Djemila a choisi sa vie. Jusque son prénom, emprunté à une ville abandonnée dans le constantinois, son Algérie natale. L'histoire de son passé, Djemila ne la connait pas et choisi donc de l'occulter. C'est son choix aussi de voler à l'étalage, comme ça, pour le plaisir, pour le jeu... Mais là, elle a perdu. Et un simple lancer de dé va se transformer en véritable bombe à retardement. C'est toute sa vie, tout son passé qui risquent de lui péter à la gueule, et cette fois il n'est pas sûr que Sinclair puisse y faire quelque chose, tout homme public et grand philosophe soit-il...
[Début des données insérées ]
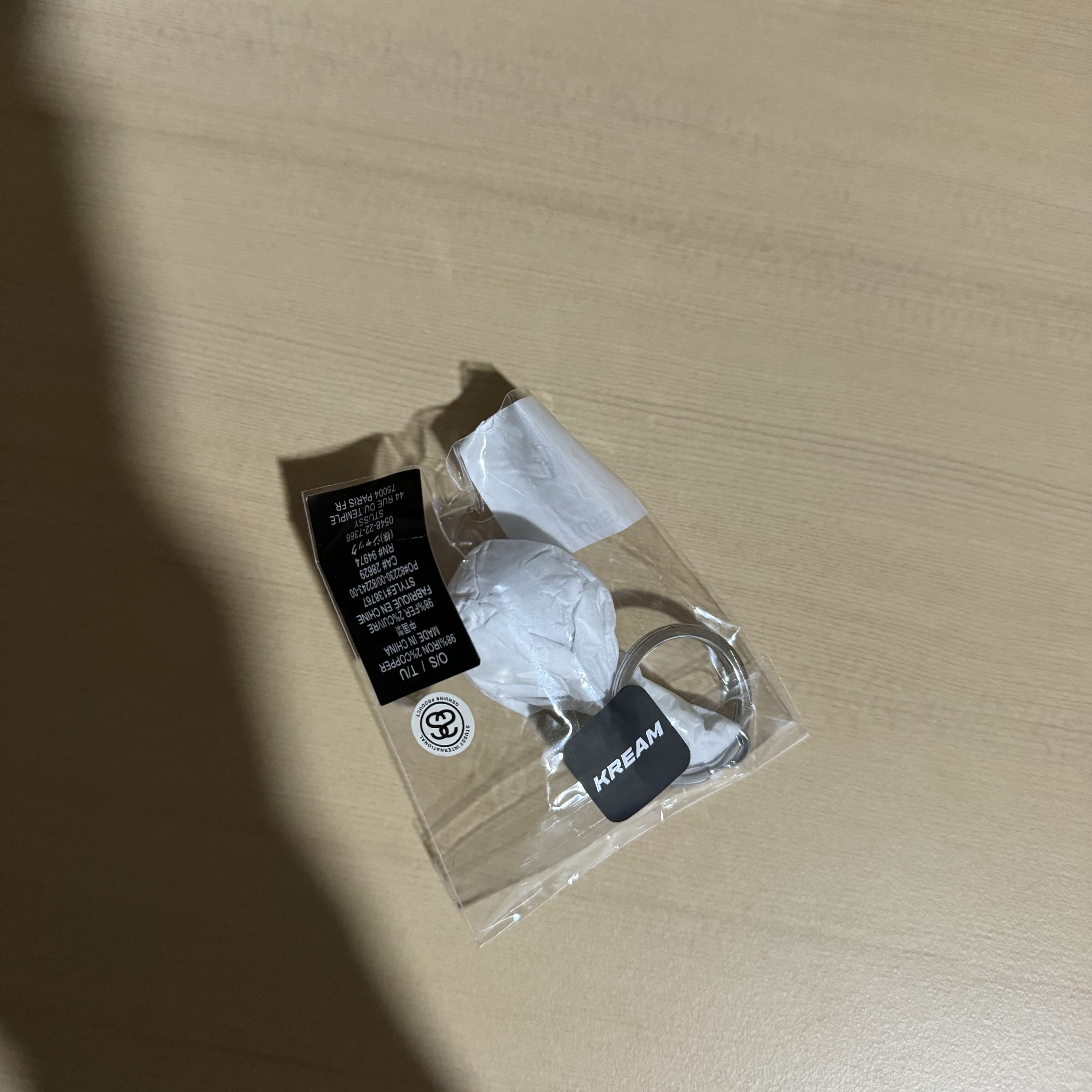 Stussy 8 Ball Keychain Black 착용 스타일 - 2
Djemila est un paradoxe. Des personnages forts, trop forts, des liens alambiqués entre chacun d'entre eux, des histoires de trahison et de fidélité, d'amour à sa façon aussi... bref, tous les éléments traditionnels... Et pourtant Djemila a un peu le goût du "too much". Tout est un peu trop poussé, un peu trop caricatural. Une jeune femme, traductrice de son état, transperse avec un couteau la main d'un vigile de supermarché, se sauve sans être aucunement inquiétée pour être plus tard agressée au domicile de son pygmalion. Ca sent un peu trop la propagande. Mais la propagande propre pour autant. Celle où il n'y a pas de gentil tout blanc. Celle où le loup est juste d'un gris plus foncé que l'agneau, mais bon, hein, quand même... C'est bien lui le loup ! La très belle écriture de Jean-François Vilar aurait probablement été servie par plus de subtilité.
Mais une fois passé ce constat, qui n'en reste pas moins qu'une appréciation subjective jouant sur le gout du romancé, on passe un très bon moment de lecture. L'histoire est fluide. Les héros s'enfoncent tellement loin dans le noir qu'ils ne remontent pas vraiment, pas du tout pour certains. Sauf peut être Djemila qui, en quelques lignes de fin, redevient elle même.
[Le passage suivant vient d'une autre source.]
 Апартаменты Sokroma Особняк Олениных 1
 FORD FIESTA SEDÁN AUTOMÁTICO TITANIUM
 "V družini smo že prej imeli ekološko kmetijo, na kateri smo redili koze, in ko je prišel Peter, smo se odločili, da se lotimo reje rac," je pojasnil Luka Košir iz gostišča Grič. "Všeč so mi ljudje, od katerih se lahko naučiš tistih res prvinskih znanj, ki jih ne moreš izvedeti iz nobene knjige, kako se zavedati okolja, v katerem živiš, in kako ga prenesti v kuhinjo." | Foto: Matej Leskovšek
Les flash-back en cours de récit sont concis, toujours très à propos, et donnent beaucoup de rythme à la narration.
Sans que l'on sache réellement comment l'histoire va se terminer, à la fin de notre lecture, on se rend compte qu'elle ne pouvait en fait pas s'achever autrement. N'oublions tout de même pas que le héros est sombre et qu'en bon héros qui se respecte, il se devait d'être irréprochable.
Un agréable moment, qui m'a certes demandé un peu de détachement, mais qui reste une lecture policière assez convaincante.